I’d never heard of Louis Kahn before but on first glimpse, his Warhol blond/grey hair, pointy face and round glasses made him a figure that you’d associate with the creative 1960s. Dark suit, bow tie, pacing around drawing boards and re-writing the course of architectural history, his influence on the world of architecture has been illuminating for design intent over commercialism.
According to his son, whose relationship with Kahn was fragmented split between stolen evenings and unexpected visits (Kahn was married to another woman), Khan never made any money. Architect Philip Johnson claims Kahn had “more of a free spirit” than he whilst Frank Gehry states Kahn’s profound influence on him as an architect. Those are some testimonials.
A Jewish Estonian, Kahn formerly named Itze-Leib Schmuilowsky, founded his own architecture practice in Philadelphia in 1935 and became a professor at the Yale School of Architecture from 1947 until his death in 1974. Facial scars resulting from his curiosity as a child for burning coal, gave him the characteristics of an unusual person who was both small in size with a voice to match. These physical qualities were superseded by his mental strength, working late hours and corralling his employees to do the same. Although married until his death, he appeared to have no roots, travelling the world and conducting affairs with his female architectural colleagues who worked with him closely.
His nomadic life took him to India where he designed the Indian Institute of Management in Ahmedabad to his unbuilt Herva in Israel, a Jewish synagogue.

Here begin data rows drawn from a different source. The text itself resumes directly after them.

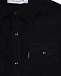 Черная рубашка из вельвета  | Фото 3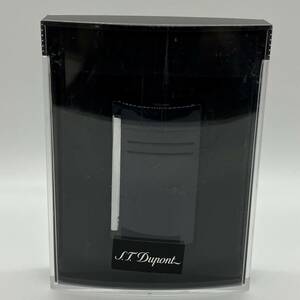 L005-SG3-231◎S.T.Dupont デュポン 喫煙具 オイルライター 黒×シルバー コレクション ※ケース付き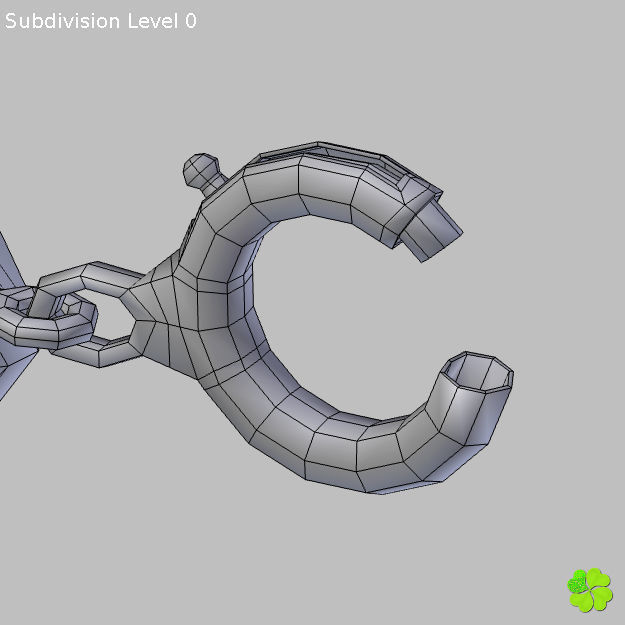 Earrings and bracelet with display box rigged low poly Low-poly 3D model_25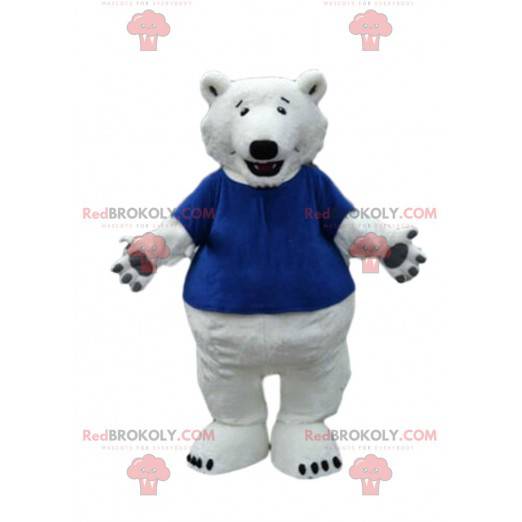 Maskot ledního medvěda, kostým medvěda, kostým medvěda grizzly
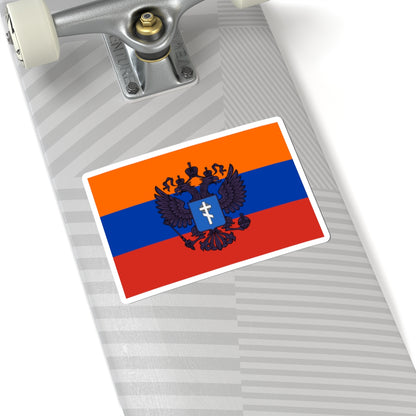 Flag of Occupied Kherson Oblast (Russia) STICKER Vinyl Kiss-Cut Decal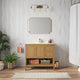 Chateau 36" Bathroom Vanity, Natural Oak
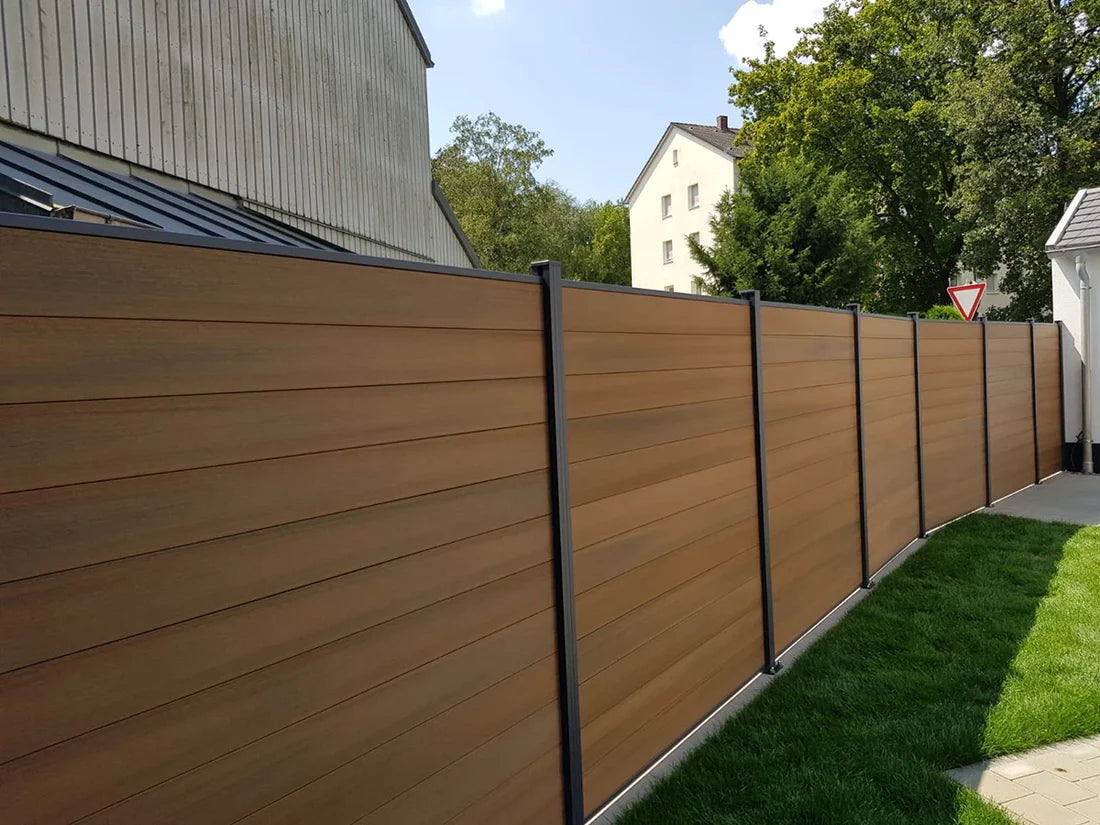 Walnut Composite Fence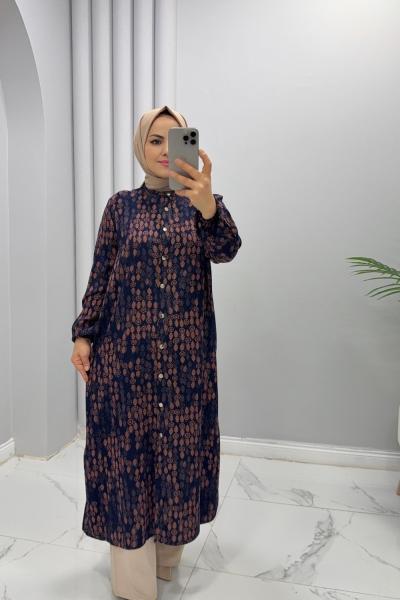 Tunik viskon  Diyar Lacivert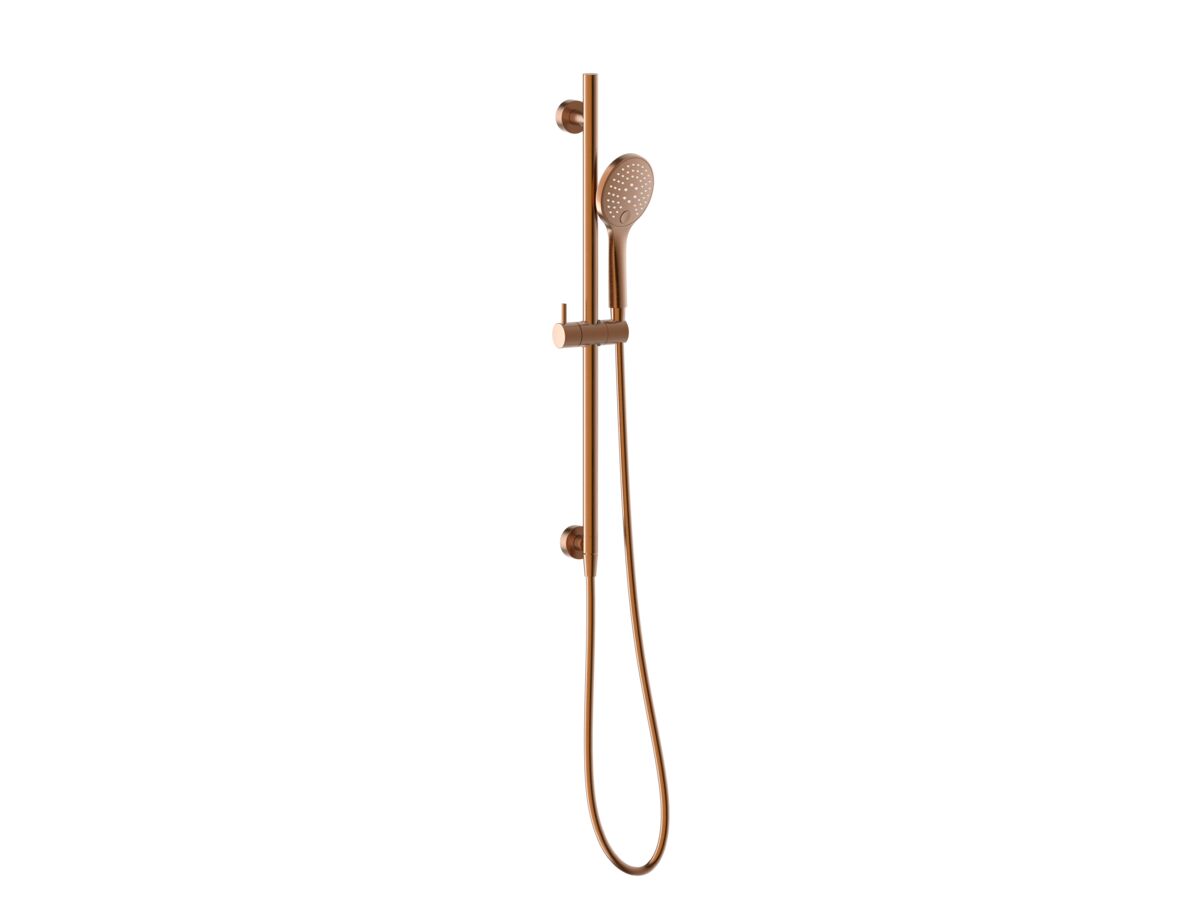 reece Mizu Drift Single Rail Shower with Top Rail Water Inlet Brushed Bronze (3 Star)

Indian Institute of Management
Design for Herva synagogue in Israel
His piece de resistance lies in his monumental building in Bangladesh Jatiyo Sangshad Bhaban (National Assembly Building) that took 12 years to build and was completed in 1974, the year of Kahn’s death. He never got to visit the completed building. The circles and geometric shapes that let light into the building is the stuff of modernity and its affect on the people who work in the building is tantamount to its values of leadership and democracy. If buildings could give people voices, this would surely be the example. It’s the place where his son Nathanial feels that he had found his father.
Outside the Jatiyo Sangshad Bhaban
Inside the Jatiyo Sangshad Bhaban
Built after the film’s production, The Franklin D. Roosevelt Four Freedoms Park designed by Kahn and built in 2012 is a four-acre memorial to Franklin D. Roosevelt. Located in New York City at the southern tip of Roosevelt Island, in the East River between Manhattan Island and Queens, it is missing from the film’s content but has particular resonance.
In a 1973 lecture at Pratt Institute, Kahn said:
“I had this thought that a memorial should be a room and a garden. That’s all I had. Why did I want a room and a garden? I just chose it to be the point of departure. The garden is somehow a personal nature, a personal kind of control of nature. And the room was the beginning of architecture. I had this sense, you see, and the room wasn’t just architecture, but was an extension of self.”
he Franklin D. Roosevelt Four Freedoms Park
A year later and in the same city, Kahn died of a heart attack in Penn Station. As his address was crossed out in his passport, he had just returned from India, his family members were only notified of his death two days later.
An exhibition of Kahn’s work is currently showing at the Design Museum in London until 12 October 2014.